Tonawanda Coke Corporation will pay $12 million in what state and federal regulators hail as a "historic" environmental settlement that targets problems at the company's River Road plant.

The settlement includes $7.9 million for air pollution reduction efforts and other improvements at the plant, $2.75 million in civil penalties and $1.3 million to fund environmental projects in the Tonawanda area.

Judith Enck, regional administrator for the U.S. Environmental Protection Agency, described Tonawanda Coke as an "environmental outlaw" that has operated a plant that has been a major source of hazardous air pollutants.

"We will continue to watch Tonawanda Coke to ensure that the company does all that it has agreed to in these legal settlements, and that going forward, they are in full compliance with environmental laws," Enck told reporters during a conference call.

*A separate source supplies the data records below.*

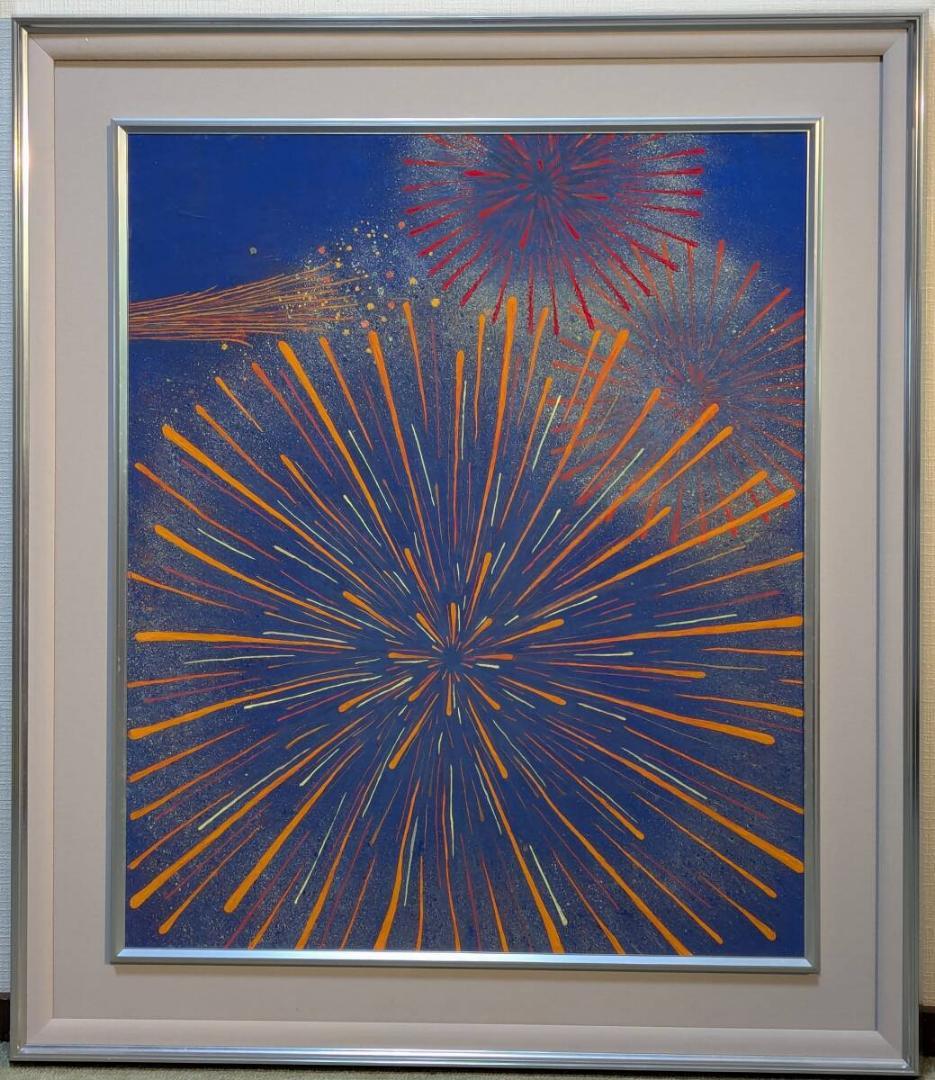 【真作】絵画　日本画20号　夜空を彩る大輪の華　夏を閉じ込めたアート　Y116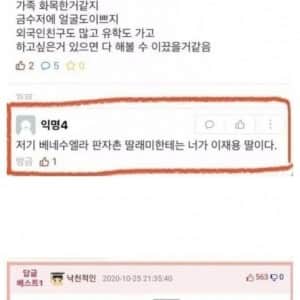 이재용 딸 개부럽다 진짜....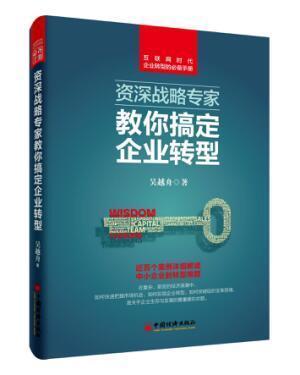 著作封面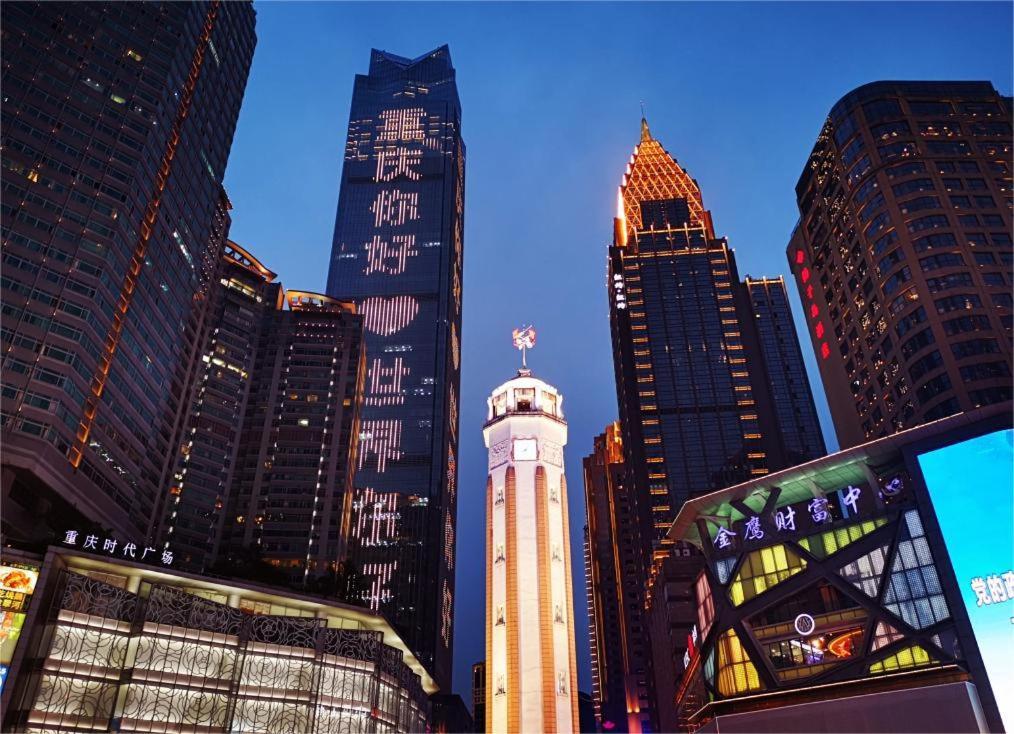 Boutique Of Meditation With Cuisine & Night View, Exit 2 Liujiatai Station Line 9 ฉงชิ่ง ภายนอก รูปภาพ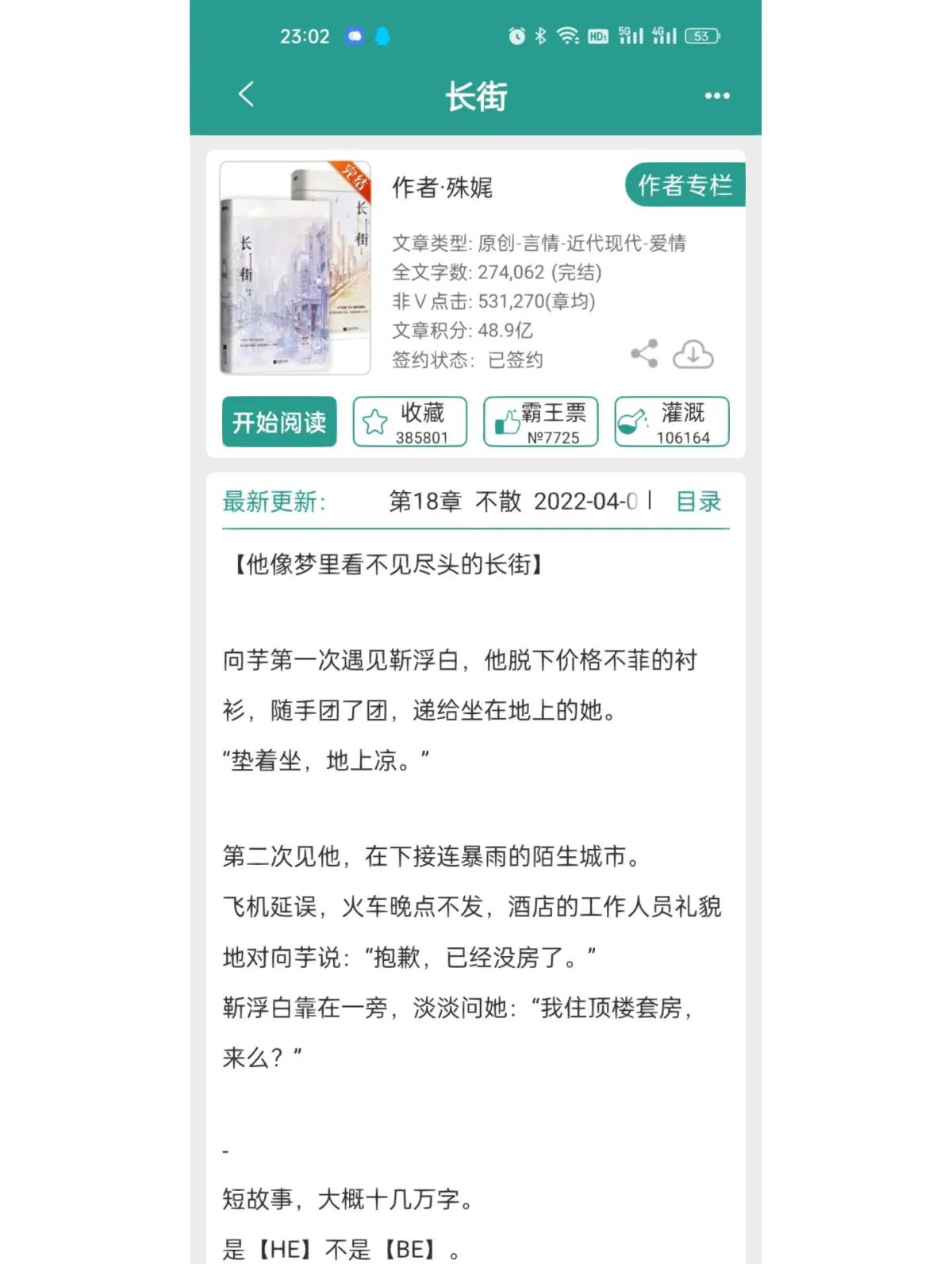 什么叫高干文,什么叫高干文和低干文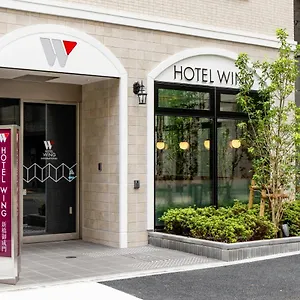 Wing国际酒店-新桥御成门 *** 東京都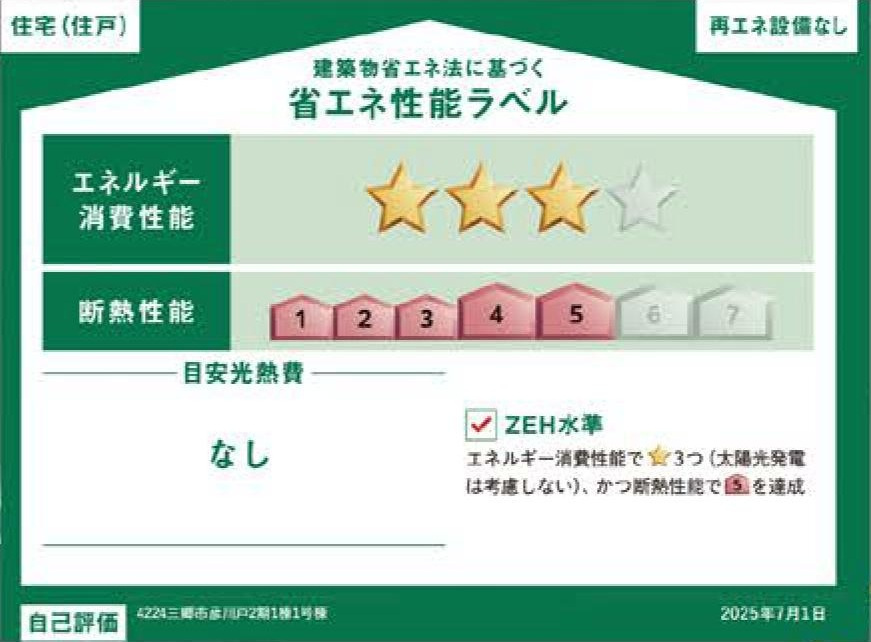 三郷市彦川戸1丁目　新築戸建　全1棟の省エネ性能ラベル|※特定の住戸の性能を示すものであり、全ての住戸の性能を示すものではありません。
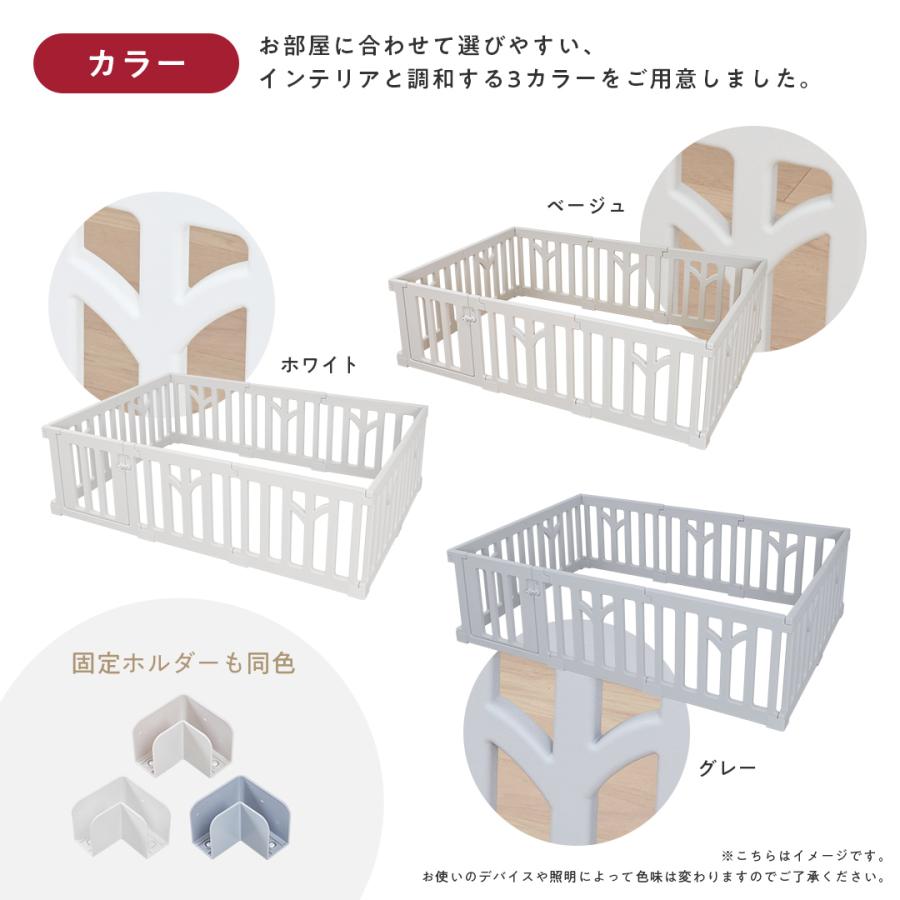 popomi ベビーサークル マットレス付き120cm×160cm ホワイト popomi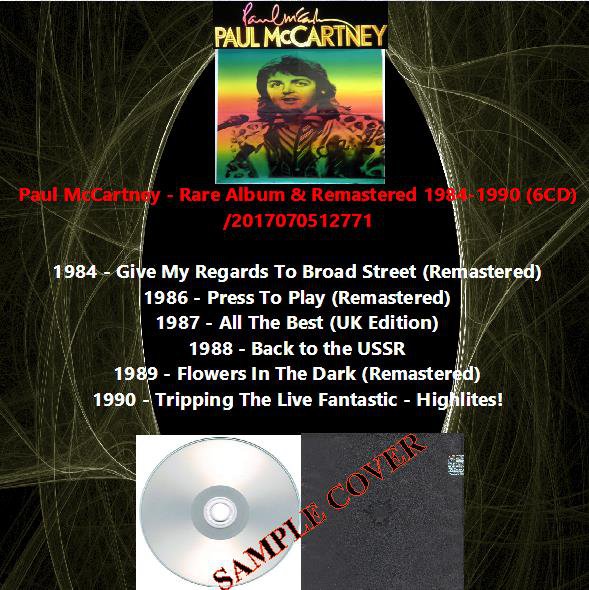 Paul McCartney - Rare Album & Remastered 1984-1990 (Silver Pressed 6CD)*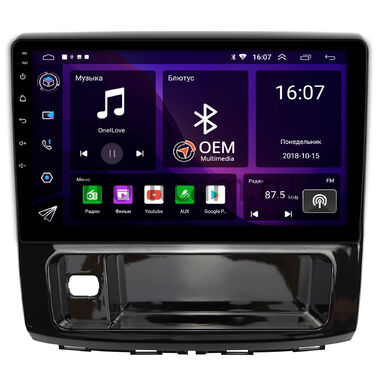 Haval H9 2014-2024 (глянец) OEM RK10-910 на Android 10 IPS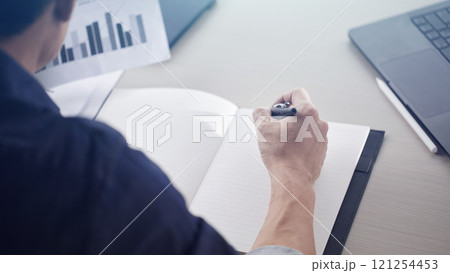 A confident business manager for finance, investment, innovation, and success. 121254453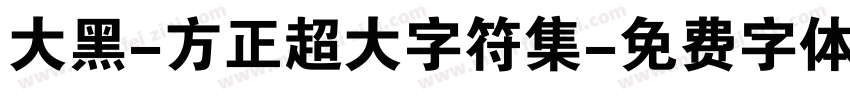 大黑-方正超大字符集字体转换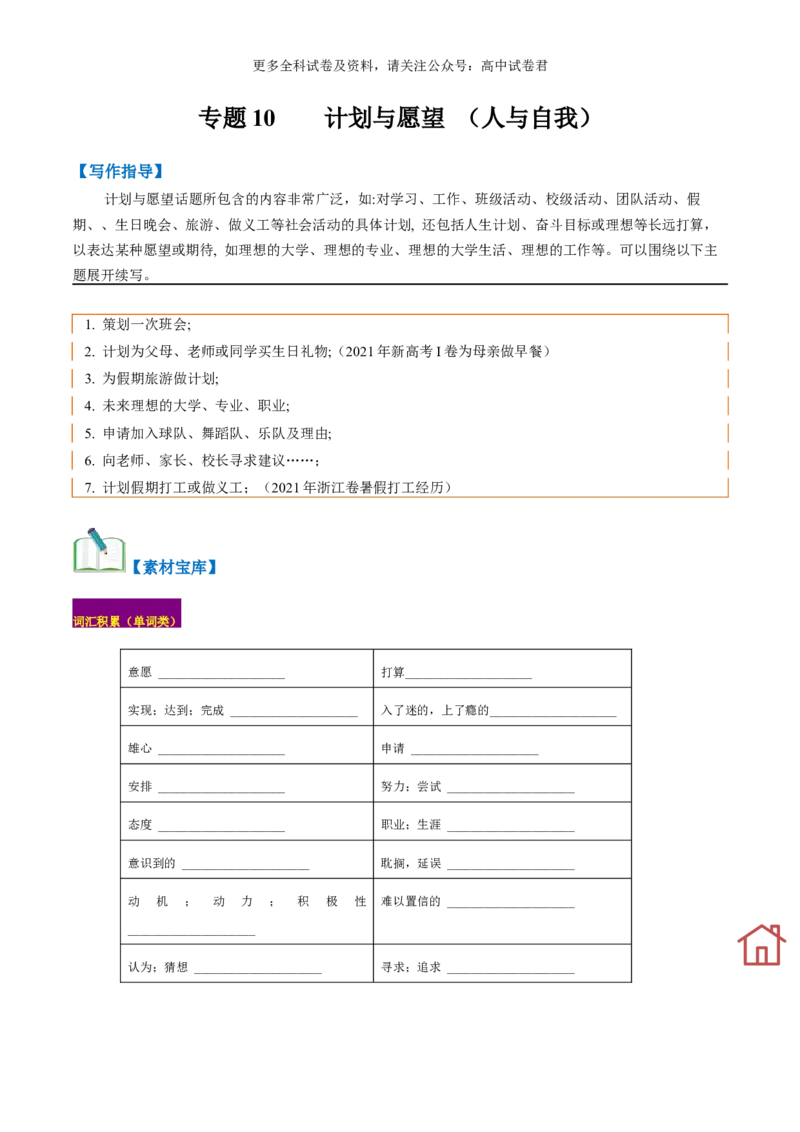 专题10计划与愿望（读后续写话题之人与自我）-高频&middot;热点2024年高考英语话题写作通关必备攻略（原卷版）_2024年4月_其他_高频&middot;热点2024年高考英语话题写作通关必备攻略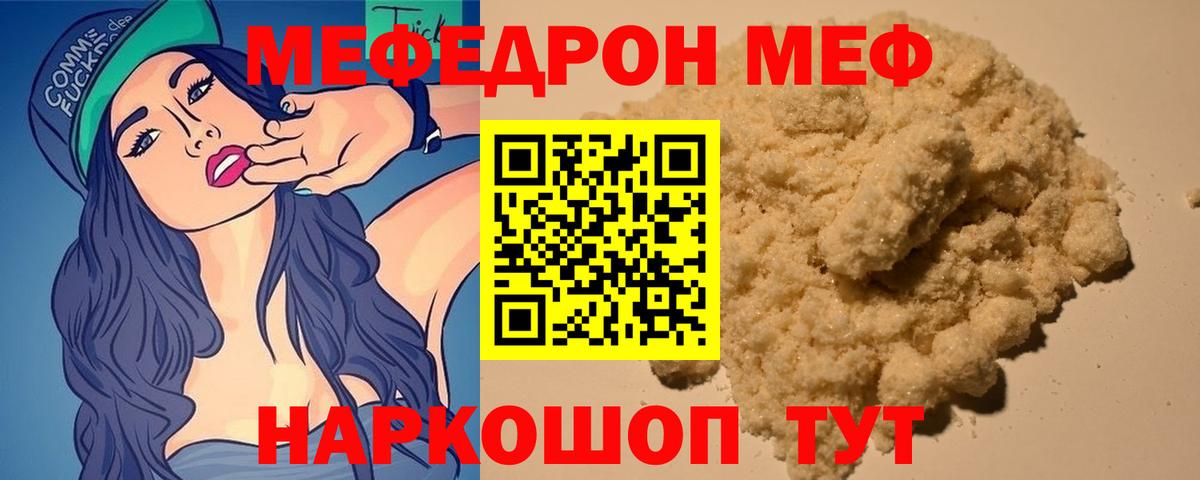 МЯУ-МЯУ мяу мяу  Вход с VPN  Мефедрон 4 MMC  наркота  Меф  Кинешма  МЕФ 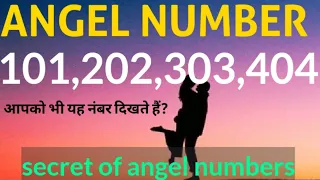 ANGEL NUMBER 101,202,303,404 MEANING IN HINDI,#angel #number #101 #202 #303 #404 @diviine_twinflame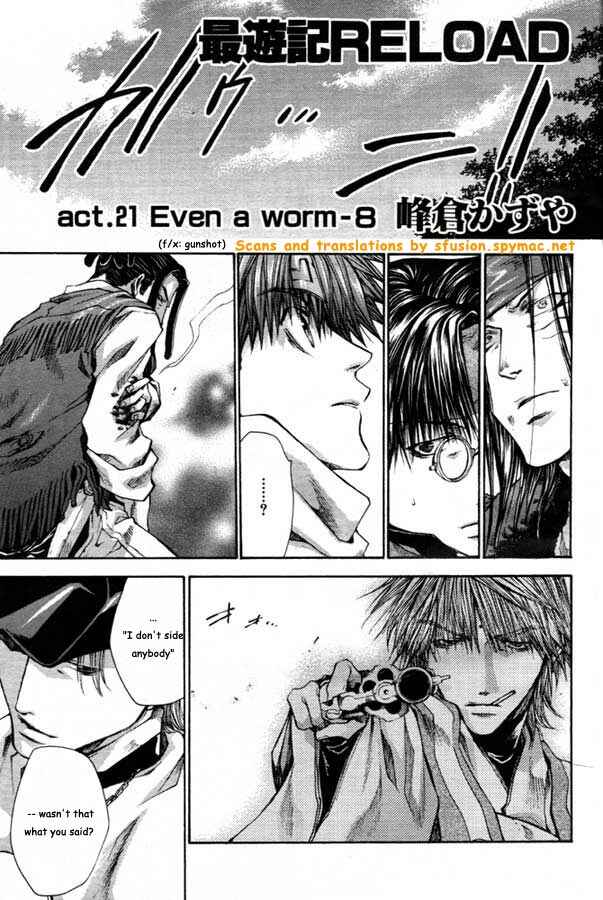 Page 47 Chapter 21 Saiyuki RELOAD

Jared Snyder, assistant commissioner for air resources at the state Department of Environmental Conservation, said he believes the settlement sends an important message.

"These penalties demonstrate that it doesn't pay to pollute, that it doesn't pay to violate the law," Snyder said.

A federal judge must approve the consent decree.

Regulators also previously lodged a criminal case against Tonawanda Coke.

EPA officials estimate that when penalties and other expenses incurred by Tonawanda Coke in civil and criminal actions are tallied, the company has incurred more than  $42 million in costs.

A spokesperson for Tonawanda Coke said the company planned to release a statement.